__DATA BELOW__.
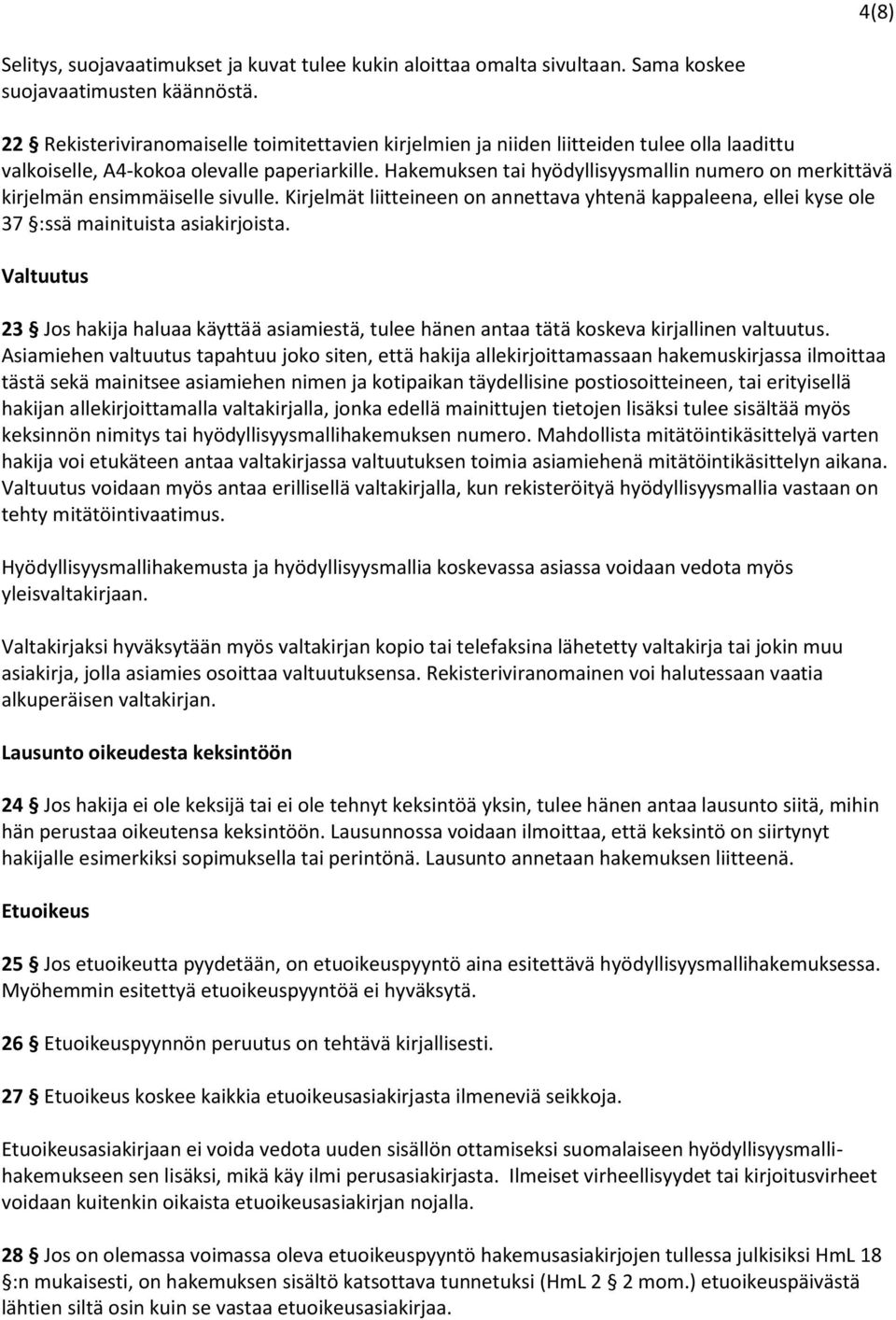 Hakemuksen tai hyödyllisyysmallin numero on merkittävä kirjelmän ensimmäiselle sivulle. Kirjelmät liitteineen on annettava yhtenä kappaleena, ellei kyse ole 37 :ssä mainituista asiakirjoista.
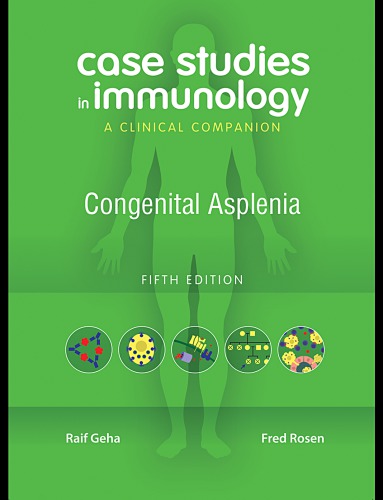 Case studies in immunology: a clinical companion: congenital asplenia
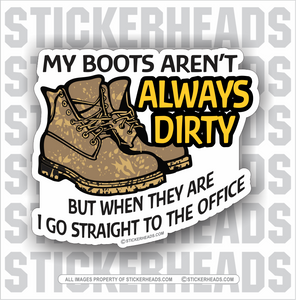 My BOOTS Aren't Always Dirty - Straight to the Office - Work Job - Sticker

__WORK TO COMPLETE__.
Would it be possible to copy the material exactly, excluding the images?

__TASK RESPONSE__.
 Hakemuksen tai hyödyllisyysmallin numero on merkittävä kirjelmän ensimmäiselle sivulle. Kirjelmät liitteineen on annettava yhtenä kappaleena, ellei kyse ole 37 :ssä mainituista asiakirjoista.
 Case studies in immunology: a clinical companion: congenital asplenia
 My BOOTS Aren't Always Dirty - Straight to the Office - Work Job - Sticker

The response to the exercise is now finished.